Улица упиралась в насыпь железной дороги. Два последних фонаря не горели. Еле светилось окно в крайнем деревянном доме. У калитки лежали распиленные поленья.
Навстречу парням от железной дороги шел мужик в куртке и вытертых джинсах, с сумкой через плечо. Он посмотрел на парней.
– Э, ну и чё вы ходите тут, а? – Мужик остановился. – Ищите, где что украсть, да?
– А какое пизде дело? – Лёдя глянул на него. – И кто ты вообще такой, а?
– Не понял… Я что, тебе должен отчитываться? Это ты мне скажи, кто ты такой, ясно? Чтобы мне всякое там говно мелкое…
– Повтори, что ты сказал, ну-ка!
Мужик сделал два шага к парням. Он был невысокого роста, но плотный, лет тридцать – тридцать пять.
Лёдя посмотрел на него, улыбаясь.
– Что, борзый, скажешь? – Мужик посмотрел ему прямо в глаза.
– А если и борзый, то что? Что, может, выскочим?
– Это ты мне предлагаешь?
– Да, тебе, а кому еще?
Мужик осклабился, покачал головой.
– Что, сцышь?
– Это ты, может, сцышь.
Мужик снял с плеча сумку, повесил на забор. Лёдя посмотрел на него, улыбнулся. Мужик резко ударил Лёдю локтем под дых. Лёдя присел. Мужик со всей силы ударил его ботинком в лицо. Лёдя отлетел к забору.
– Ну а ты что смотришь? – Мужик повернулся к Пыру.
– Я это, ничего…
Мужик дал ему ногой по яйцам. Пыр сморщился, сделал два шага назад. Мужик подошел, стал молотить его кулаками. Пыр упал. Мужик, наклонившись над ним, продолжал его бить.
Валера ударил его поленом по голове. Мужик вскрикнул, повернулся, упал на спину. Валера ударил опять – с замахом, круглой стороной. Хрустнули кости. Мужик приглушенно застонал. Валера ударил еще и еще. Мужик перестал стонать.
Лёдя приоткрыл глаза, улыбнулся.
– Ну, ты даешь, футболёр, стране угля.
– Хоть мелкого, но до хуя. – Пыр захихикал, размазывая рукавом кровь по лицу.
– Ладно, валим отсюда, на хуй.
Лёдя поднялся, держась за забор. Парни пошли к железной дороге. Где-то рядом загавкала собака.
Валера повесил куртку на крюк.
– Ну, как ты сегодня? – спросила из комнаты мама. – Что в училище?
– Ничего, все нормально.
– Есть будешь?
– Да.
– Там котлеты есть. Хочешь – разогрею?
– Не надо.
Валера и Света сидели на заднем крыльце школы. На забитой досками двери ножом было вырезано «Рабочий – сила, Менжинка – козлы». Несколько пацанов лет по четырнадцать-пятнадцать играли на вытоптанном поле в футбол потертым мячом.

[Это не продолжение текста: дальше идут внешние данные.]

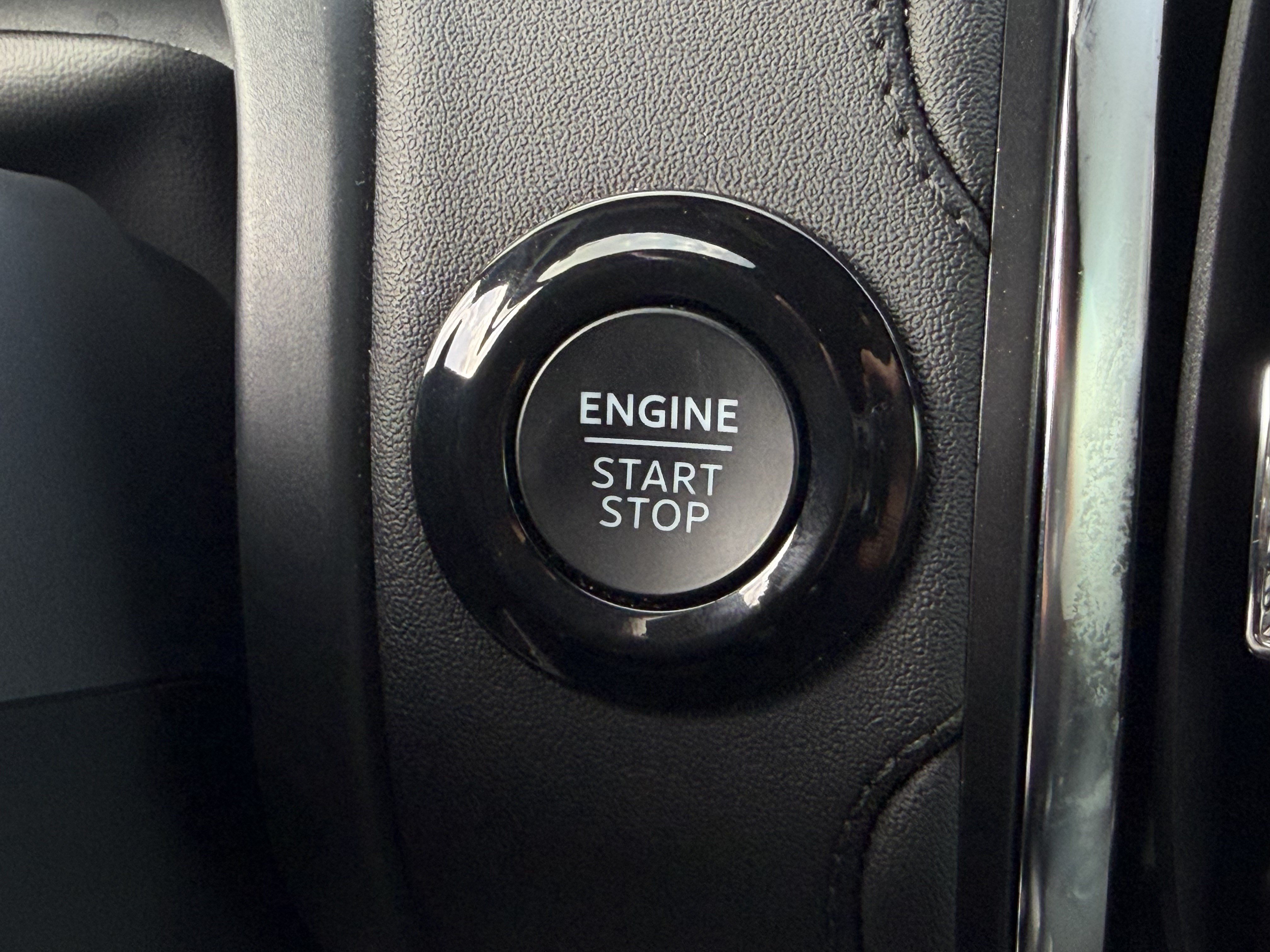 Certified 2025 Ford Expedition Tremor AWD/4WD image 23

– Ты, вроде, занимался футболом? – спросила Света. – Или кто-то другой из ваших пацанов?
– Я. До девятого класса, до середины…
– А потом?
– Потом у меня была травма. Разрыв связок…

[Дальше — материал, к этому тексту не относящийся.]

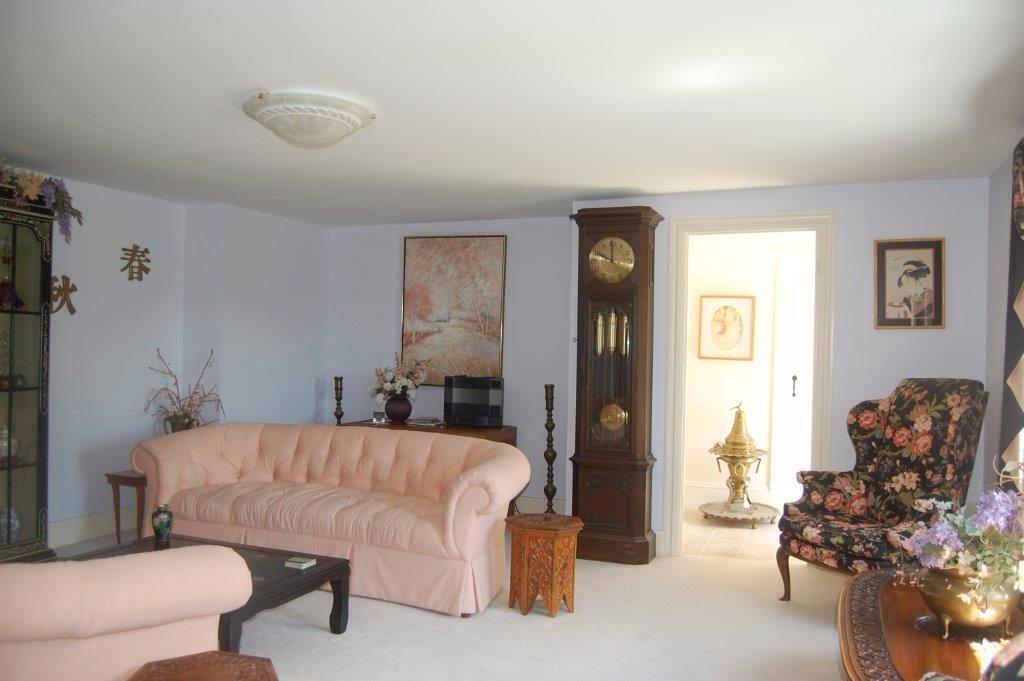 590 West River Road Augusta, ME 04330 - Photo 17 of 35 LIVING ROOM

– Да, точно, я помню – ты еще на костылях ходил в школу… И потом ты уже не мог играть, да? То есть, ты, получается, инвалид?
– Нет, конечно. Ты что – вообще? Инвалид… У меня все в порядке, я и в футбол могу играть, только не на таком уровне. Там знаешь, какие нагрузки?
– И ты ездил на какие-нибудь соревнования? Ну, когда занимался?
– Да. В Минск, в Гомель, в Бобруйск.
– И забивал голы?
– Да.
– А какой у тебя был номер?
– Сначала восьмерка, а потом – десятка. Это как раз после чемпионата в Мексике… Все хотели десятку, а она как раз освободилась. Пацан, у которого она была, уже по возрасту не попадал. А десятка была у Марадоны, и все хотели, как он. Чуть морды друг другу не поразбивали. Решили в конце концов кинуть жребий – и она мне досталась.